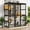 Orange+Black+Large, variant on Wooden Catio Outdoor Cat Enclosure Large Cat House for Mulitiple Cats Walk ,Indoor 4 Tier Cat Enclosures House , Outdoor Cat Catio with Waterproof Cover,Ramp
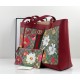 Replicas Gucci Ophidia GG Flora Medium Tote Bag 547947 Rojo Baratos Imitacion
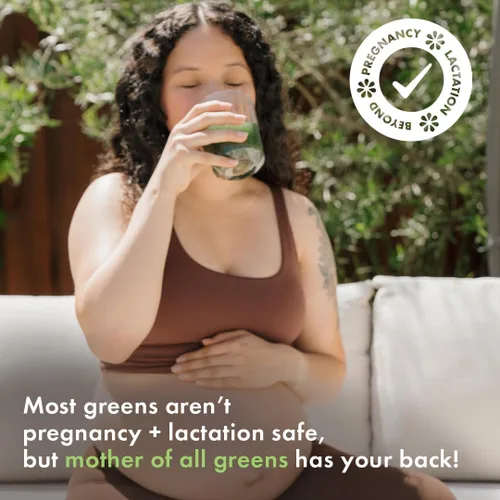 Miniatura 5 de Boobie Mother of All Greens Tu nuevo ritual familiar, polvo diario de súper verduras con más de 35 nutrientes esenciales para mamás y familias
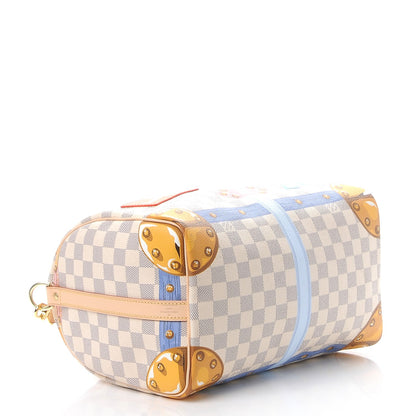 Louis Vuitton Damier Azur Summer Trunks Speedy Bandouliere 30 5 of 8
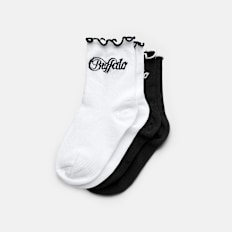 Buffalo RUFFLE - COTTON black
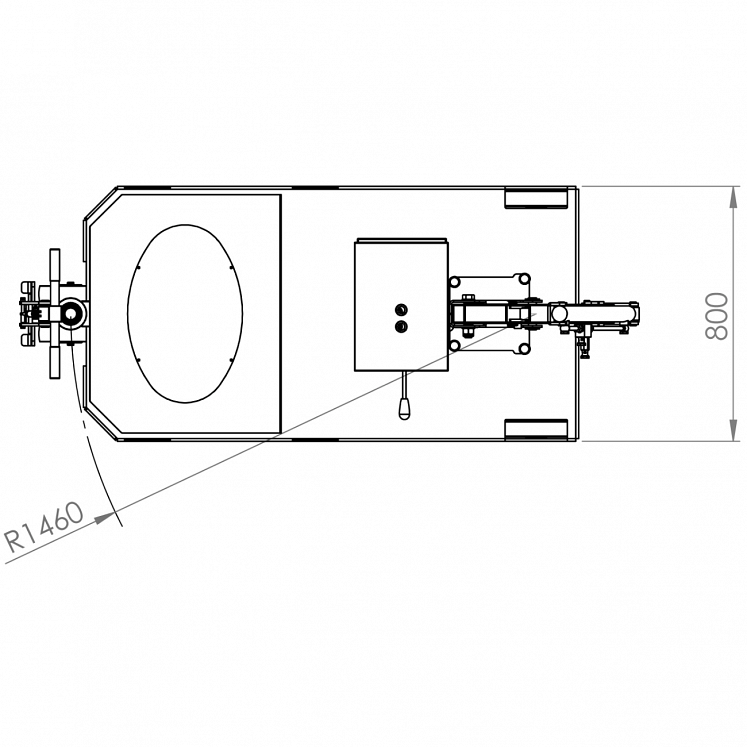 B-HANDLING CANTILEVER CRANE WITH LIFTING AND ELECTRIC EXTENSION M9450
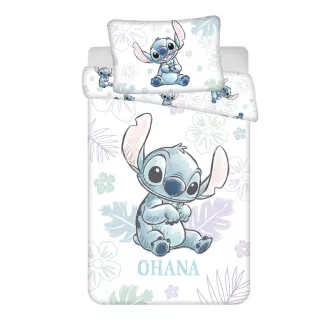 Disney Lilo és Stitch, A csillagkutya Ohana White gyerek ágyneműhuzat 100×135cm, 40×60cm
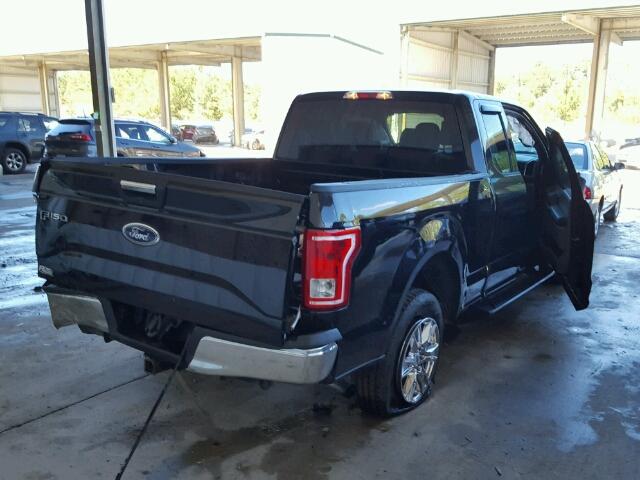 1FTEX1CP8FKF11680 - 2015 FORD F150 BLACK photo 4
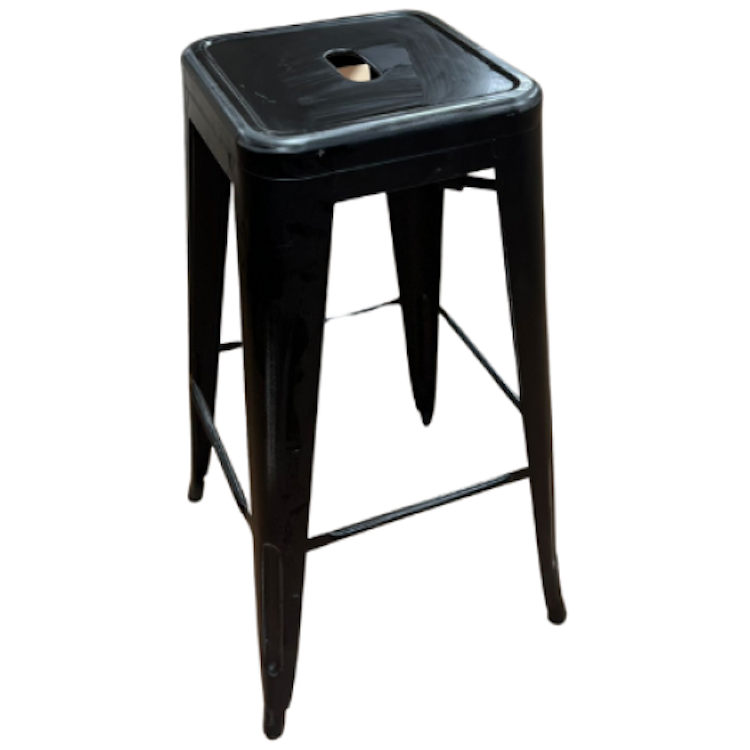 Black Metal Bar Stool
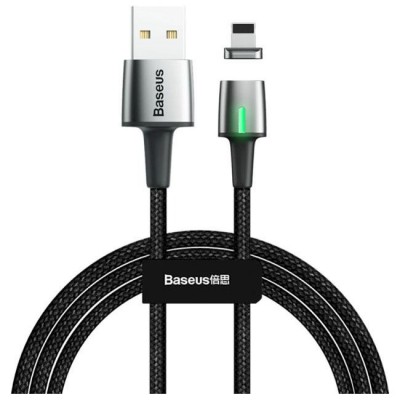 Кабель Baseus Zinc Magnetic Lightning (2.4A) 1m Black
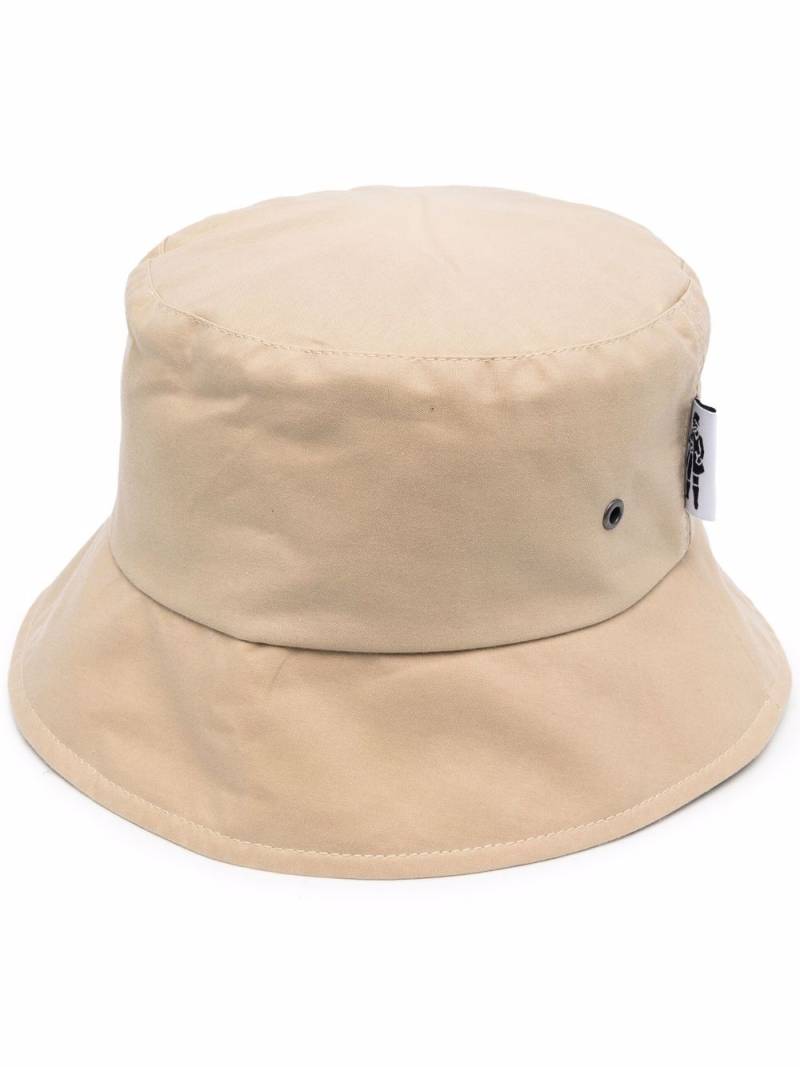 Mackintosh waxed cotton bucket hat - Neutrals von Mackintosh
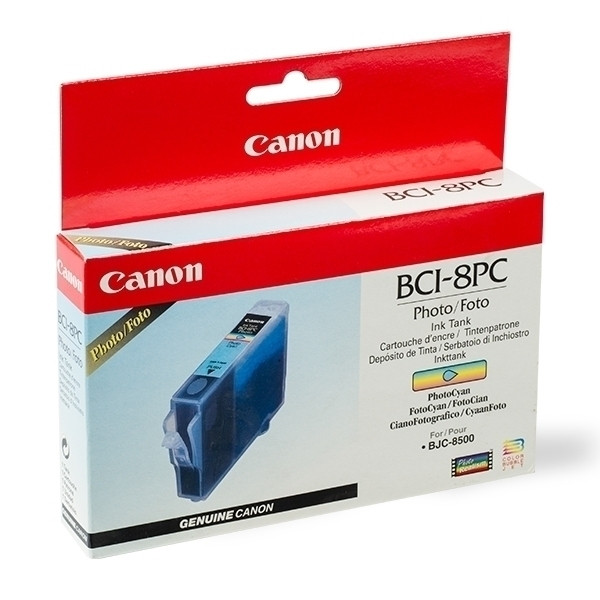 Canon BCI-8PC cartucho de tinta cian foto (original) 0983A002AA 011635 - 1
——
From the data above, write out everything exactly except the pictures.

 Orange+Black+Large, variant on Wooden Catio Outdoor Cat Enclosure Large Cat House for Mulitiple Cats Walk ,Indoor 4 Tier Cat Enclosures House , Outdoor Cat Catio with Waterproof Cover,Ramp
 Replicas Gucci Ophidia GG Flora Medium Tote Bag 547947 Rojo Baratos Imitacion
 Miniatura 5 de Boobie Mother of All Greens Tu nuevo ritual familiar, polvo diario de súper verduras con más de 35 nutrientes esenciales para mamás y familias
 Louis Vuitton Damier Azur Summer Trunks Speedy Bandouliere 30 5 of 8
 Buffalo RUFFLE - COTTON black
 B-HANDLING CANTILEVER CRANE WITH LIFTING AND ELECTRIC EXTENSION M9450
 Disney Lilo és Stitch, A csillagkutya Ohana White gyerek ágyneműhuzat 100×135cm, 40×60cm
 1FTEX1CP8FKF11680 - 2015 FORD F150 BLACK photo 4
 Black Metal Bar Stool
 Кабель Baseus Zinc Magnetic Lightning (2.4A) 1m Black
 Mackintosh waxed cotton bucket hat - Neutrals von Mackintosh
 Canon BCI-8PC cartucho de tinta cian foto (original) 0983A002AA 011635 - 1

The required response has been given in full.